Güncelleme Tarihi:
UZUN YANIT: Konuşma esnasında, kelimelerin üçte birini söylerken dudaklarımızı
ve ağzımızın ön tarafını hiç kullanmıyoruz. Dolayısıyla dudak okuyucular, her üç kelimemizden sadece iki tanesini anlayabiliyorlar. Söylediklerimizin tamamını algılamaları için boşlukları kendi kendilerine doldurmaları gerekiyor. Aksanlarsa genelde sesli harflerin kullanım farklarına dayanıyor ve dudak okuyarak anlaşılması çok zor. Ama eğer çok güçlü ve belirgin ya da yaygın bilinen bir coğrafi aksan söz konusuysa dudak okuma işlemi iyice zorlaşır.

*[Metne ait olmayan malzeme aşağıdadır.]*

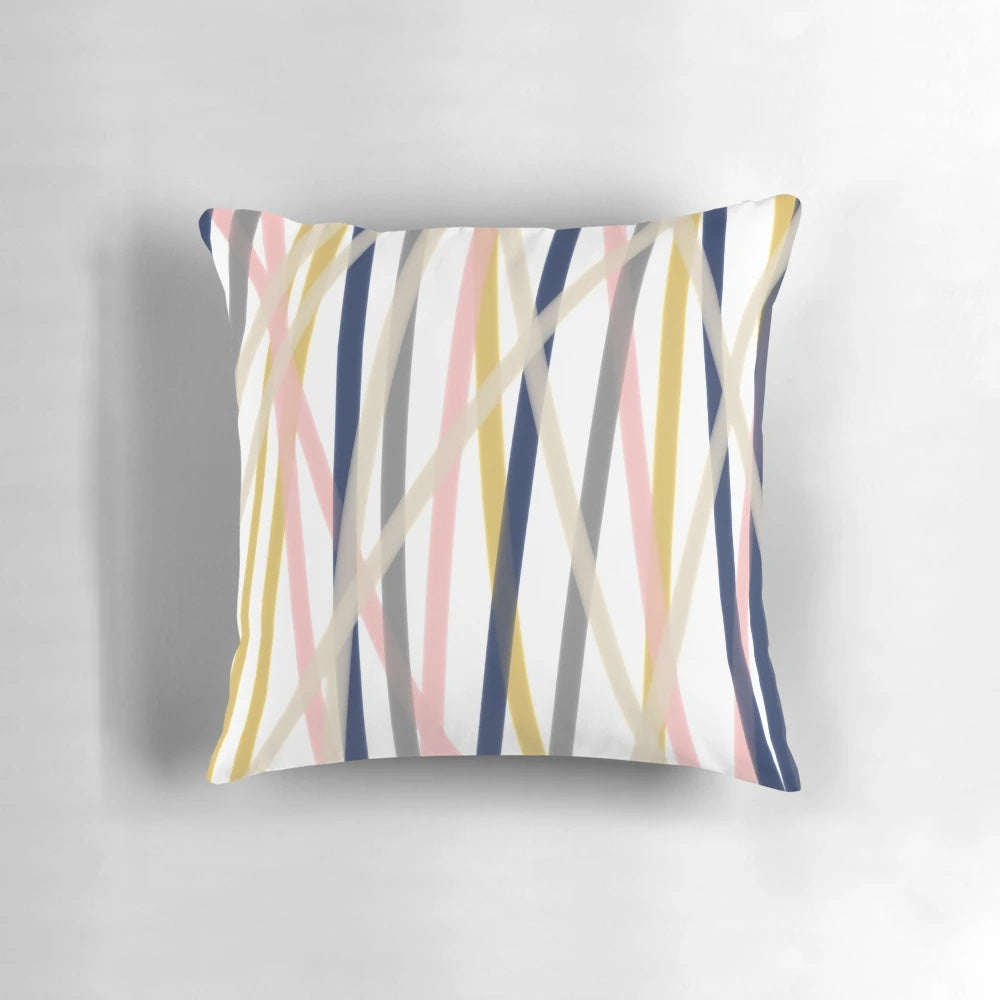 Abstract minimalist modern pillow in mustard yellow, blush pink, navy blue, grey, almond, and white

Hatta çoğu kez okuyucu hiçbir şey anlayamadığı için konuşan kişinin aksanı olduğu sonucuna varır. Fakat bunun nasıl bir aksan olduğunu anlamak, söylenenleri okumaya çalışmaktan bile zor. Yine de bu işte uzmanlaşıp, aksanları ayırt edebilen dudak okuyucuları var. Dilin kullanımı esnasında ağzın girdiği şekilleri ezberleyen profesyonel okuyucular, coğrafi aksanları, o bölgeye has kelime seçimlerinden ve baskın kelimelerin söylenmesi sırasında ağzın aldığı şekillerden tahmin edebiliyor.